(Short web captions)
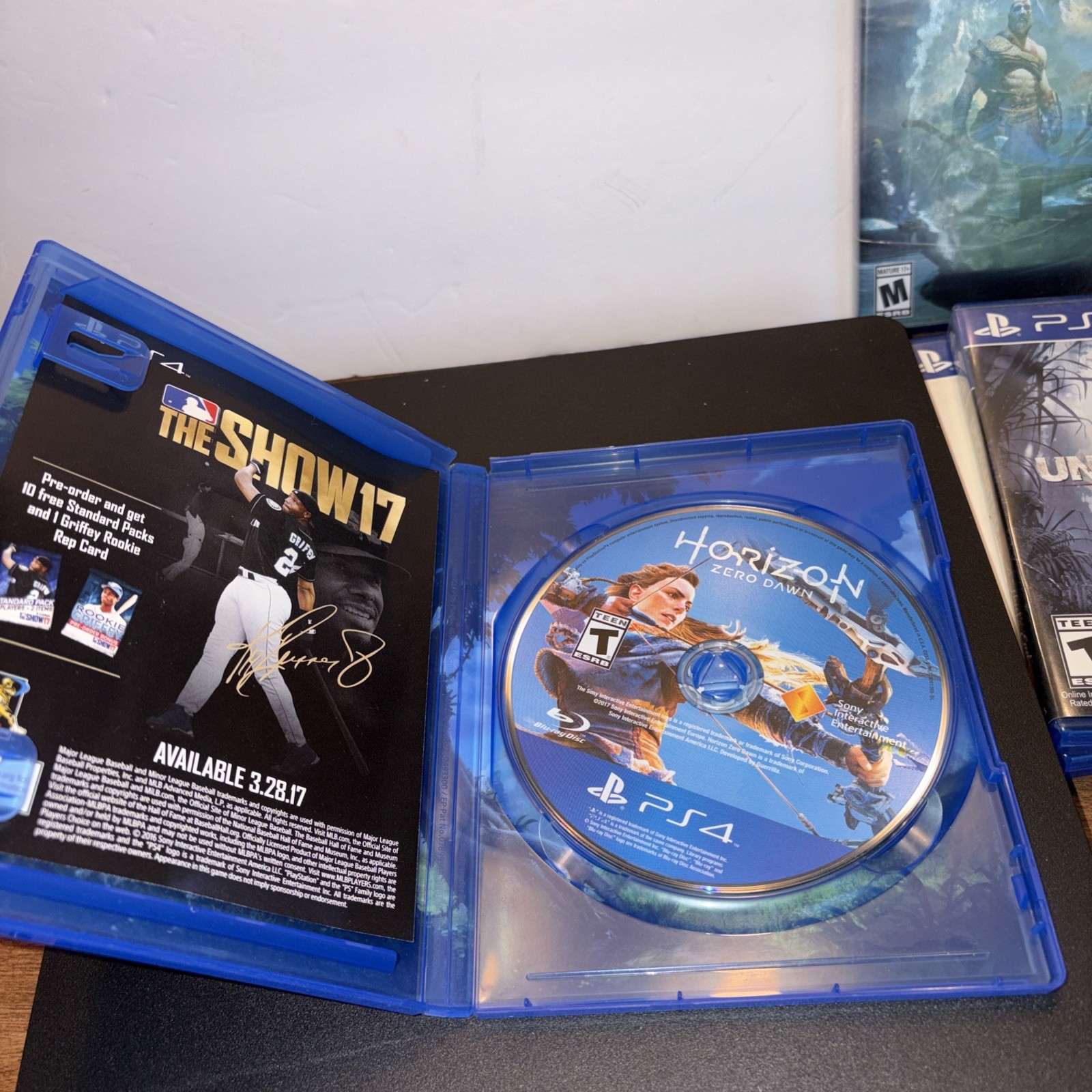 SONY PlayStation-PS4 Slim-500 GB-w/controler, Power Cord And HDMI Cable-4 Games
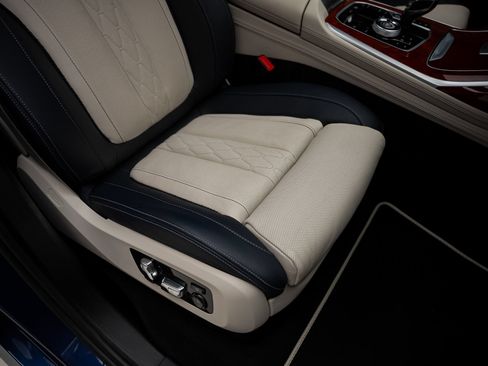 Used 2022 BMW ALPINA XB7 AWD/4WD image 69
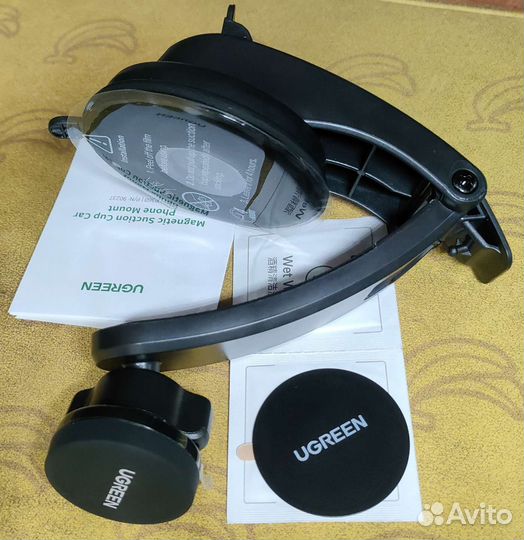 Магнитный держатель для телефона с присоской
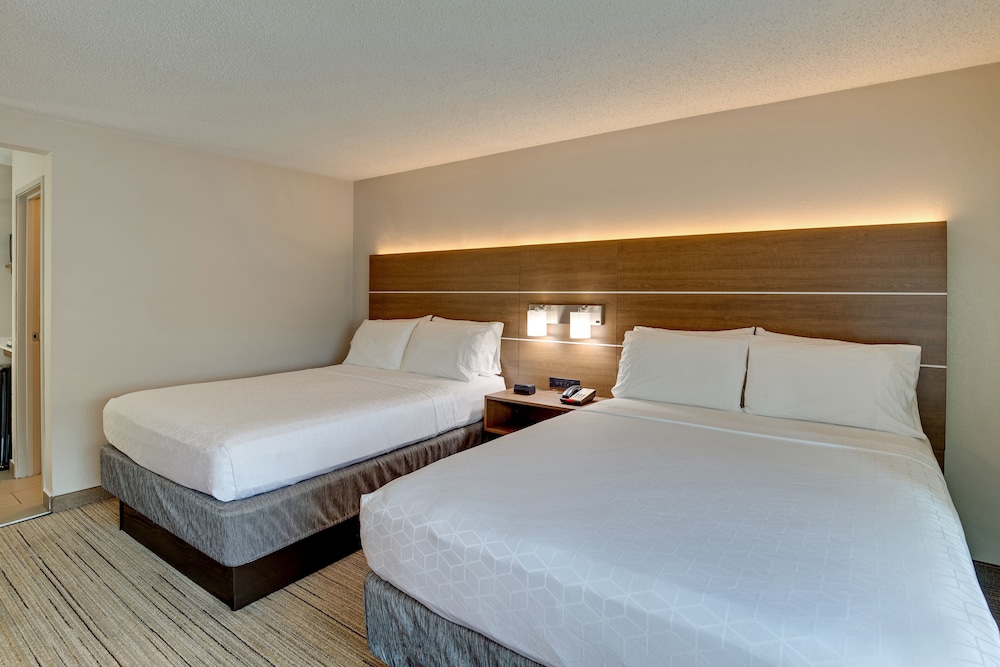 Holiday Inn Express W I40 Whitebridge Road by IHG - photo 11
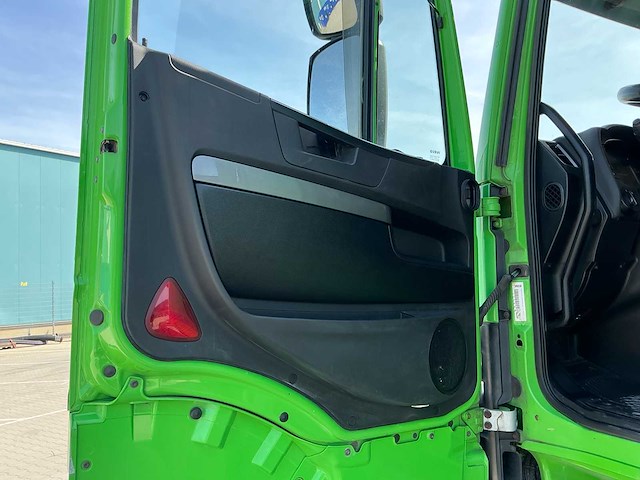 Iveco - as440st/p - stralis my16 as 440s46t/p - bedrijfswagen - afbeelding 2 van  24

WHAT YOU SHOULD DO:
A picture must not appear in the copy. Transcribe exactly the lines from the one with "Used 2022 BMW ALPINA XB7 AWD/4WD image 69" through the final line of the entries, both included, and no more.

SOLUTION FOR THIS TASK:
 Used 2022 BMW ALPINA XB7 AWD/4WD image 69
 Магнитный держатель для телефона с присоской
 Holiday Inn Express W I40 Whitebridge Road by IHG - photo 11
 Iveco - as440st/p - stralis my16 as 440s46t/p - bedrijfswagen - afbeelding 2 van  24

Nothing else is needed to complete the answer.